** Given information **
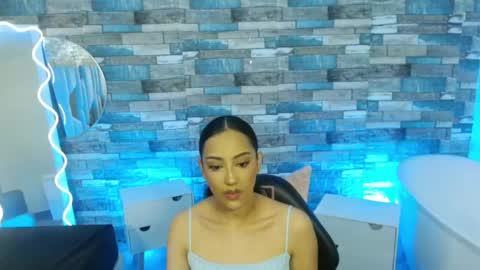 Snapshot of beella_tay1 chatting on 09-11-25, 02:28 BELLA online show from 09-11-25, 02:28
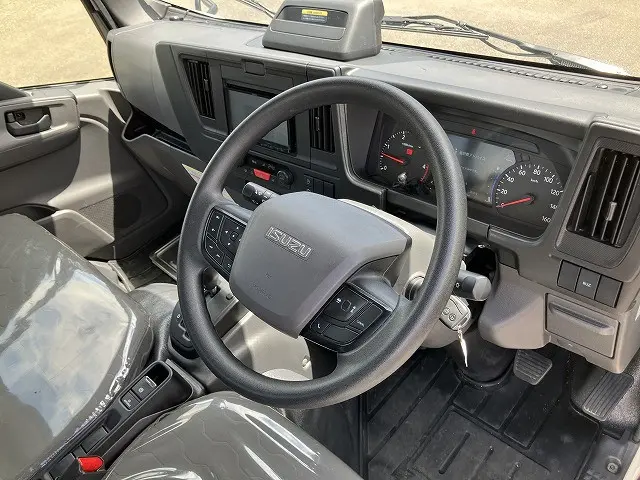 いすゞ エルフ 2TG-NLR88AC(2WD)の写真34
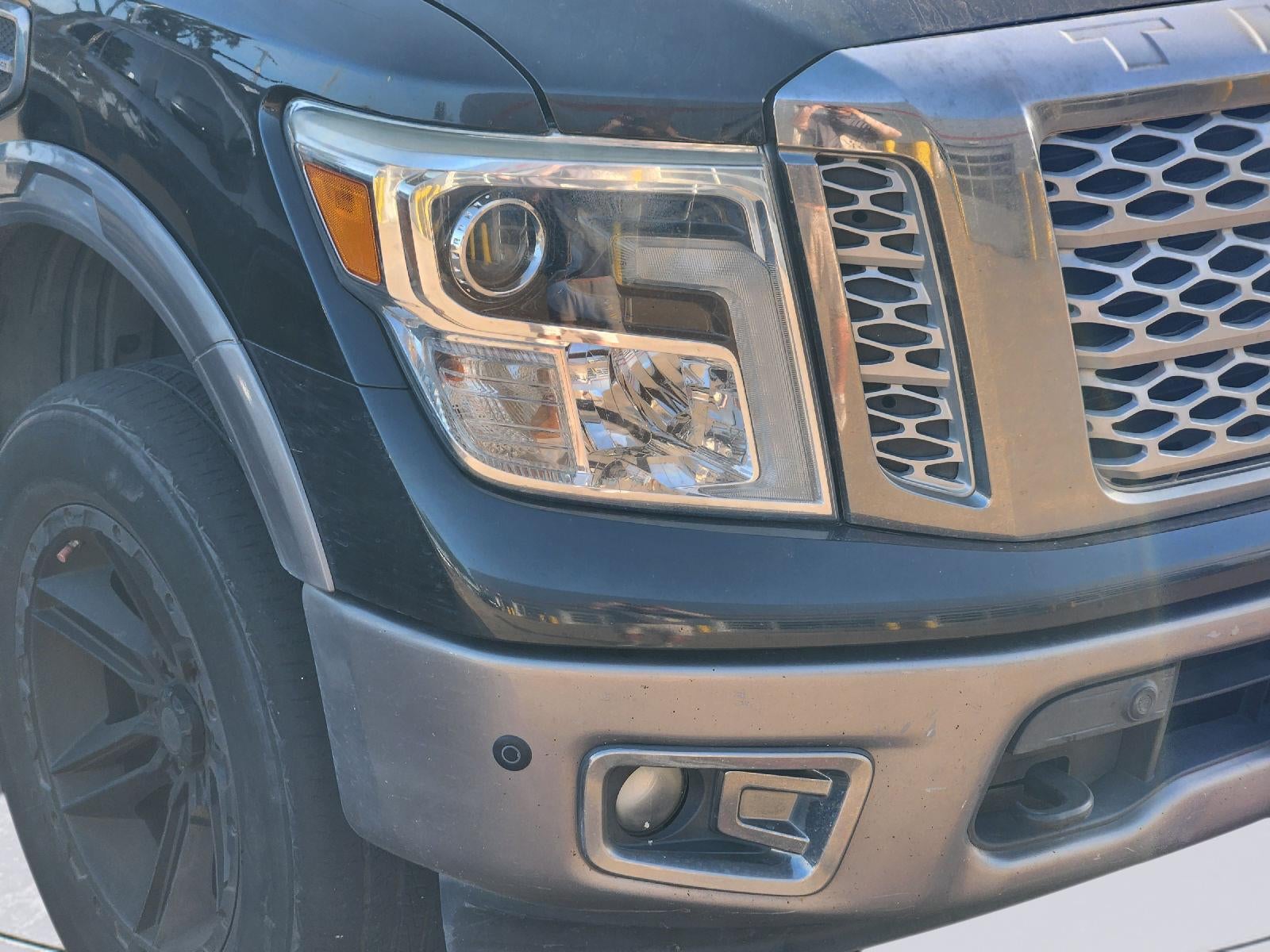 2017 Nissan Titan Platinum Reserve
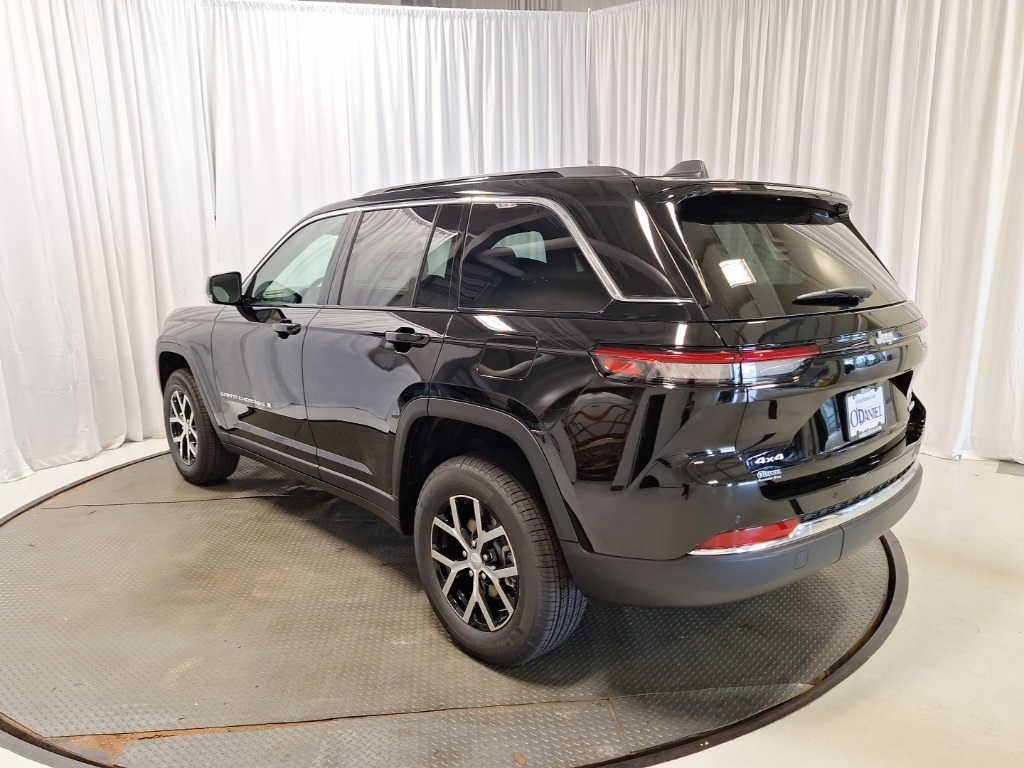new 2025 Jeep Grand Cherokee car, priced at $43,631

** The task **
The material must be restated verbatim. Its pictures must be omitted.

** Exercise result **
 Snapshot of beella_tay1 chatting on 09-11-25, 02:28 BELLA online show from 09-11-25, 02:28
 いすゞ エルフ 2TG-NLR88AC(2WD)の写真34
 2017 Nissan Titan Platinum Reserve
new 2025 Jeep Grand Cherokee car, priced at $43,631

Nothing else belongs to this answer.